Sunday February 26, 2017. Maui, HI
Jim Andrews, KH6HTV and Alan Maenchen, KH6TU (AD6E) at the Queen Kaahumanu center on Sunday, Feb 26th from 10am – 3 pm for the Maui Engineering Day. Jim will be demonstrating his high definition digital TV amateur radio system.
Alan and Jim had setup an operating display of amateur radio 70cm digital TV system at the Maui engineering day.
It was the main, initial attention getter. The sign in front of the video monitor read “LIVE AMATEUR DIGITAL TV — longest distance with this equipment. 77 MILES !”
Alan and Jim also had a 100W SSB/HF radio (Yaesu FT-857) on the table as an introduction to talk about our short wave, world-wide communication capability. The sign in front of the rig read “100 Watt Short-Wave RADIO — World-Wide Communication” Also Alan had on his tablet a photo of his Step-IR HF beam antenna on a 70ft. crank up tower to show what a good HF antenna consisted of.
Jim also had on display some of his 23cm, FM-TV gear with the covers off showing the stuffed PC boards with 100s of SMD components. The sign for these read “Examples Home-Built Radio & TV equipment”
They also had the ARRL banner, Joe, AH0A, supplied as a back-drop to the display table. On the table, we had an assortment of ARRL literature to give away. They had some interested visitors to the table. However, the vast majority of the attendees to the engineering day fair were elementary school age children with their parents. Most all of the other engineering organizations at the fair had interactive construction games for the kids to play. They were definitely aimed at the under 10 years of age crowd and were a hit with the kids. For us, the only thing which interested these young kids was acting up in front of the TV camera and watching themselves on the monitor.
Jim stated; “Our target audience with our message was really not young children, but high school and college age kids of which there was very few. We did have a few interested adults stop by and want to chat at length. A few of them asked if their were any classes being taught on Maui to get a ham license. Unfortunately, we had to admit the answer was no, but MARC did give license exams a couple each year. A couple of adults wanted consulting on how to make telemetry and video surveillance systems work on ham frequencies. We had to tell them that for their particular applications, they were money making, business related, and as such were illegal to do on amateur frequencies.”

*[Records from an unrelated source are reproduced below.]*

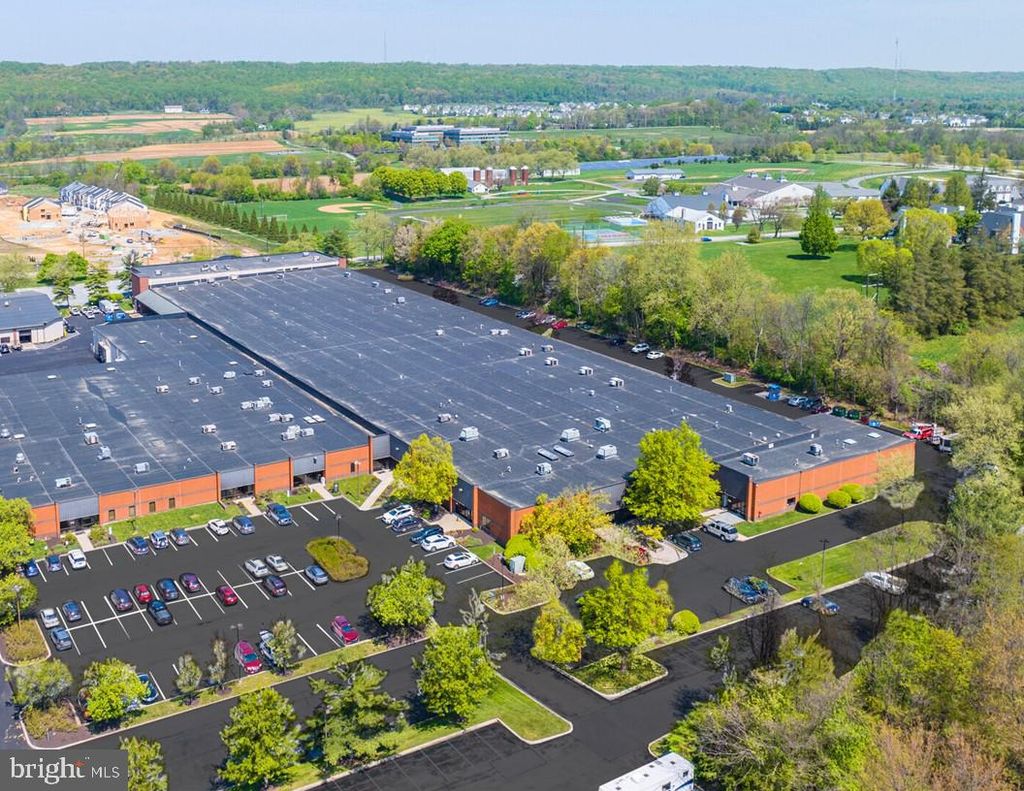 Photo of 906 Springdale Dr, EXTON, PA 19341 (MLS # PACT2113326)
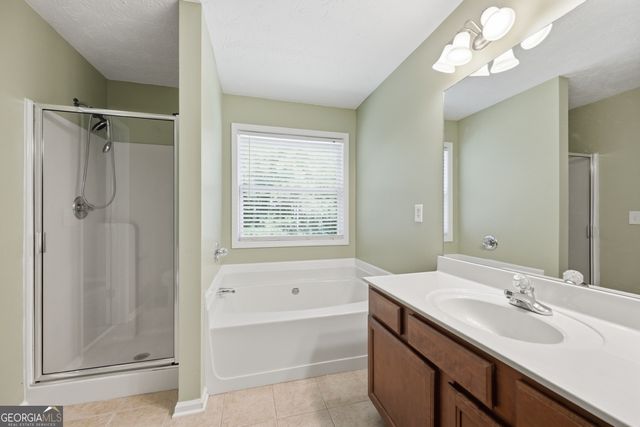 905 Tamarisk Place, Canton, GA 30114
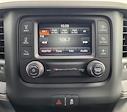 New 2024 Ram 5500 Tradesman Crew Cab 4x4 84 CA Cab Chassis for sale #332994 - photo 14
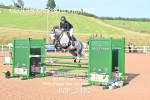 BPP_2492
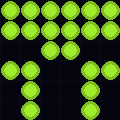45.149.168.98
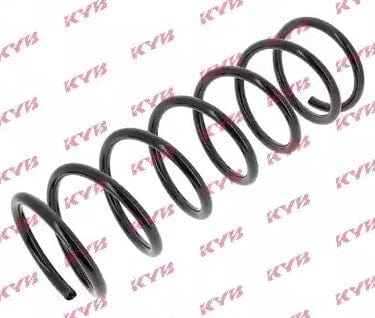 KYB K-Flex Ra5732 Coil Spring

A key contact made was when with Jayson Kohama, WH6BXK, dropped by the table. Jason is a radio tech with the Maui Police. He was extremely interested in the display of 70cm, hi-def, digital TV. He said he could see very definite applications for it within the police dept. Jm promised to email to him copies of the power-point slide presentations that he gave last month in Honolulu.
This event supported the ARRL’s STRATEGIC PLAN 2016-2020 by supporting two of the six goals.
-GOAL 1: Grow Amateur Radio worldwide.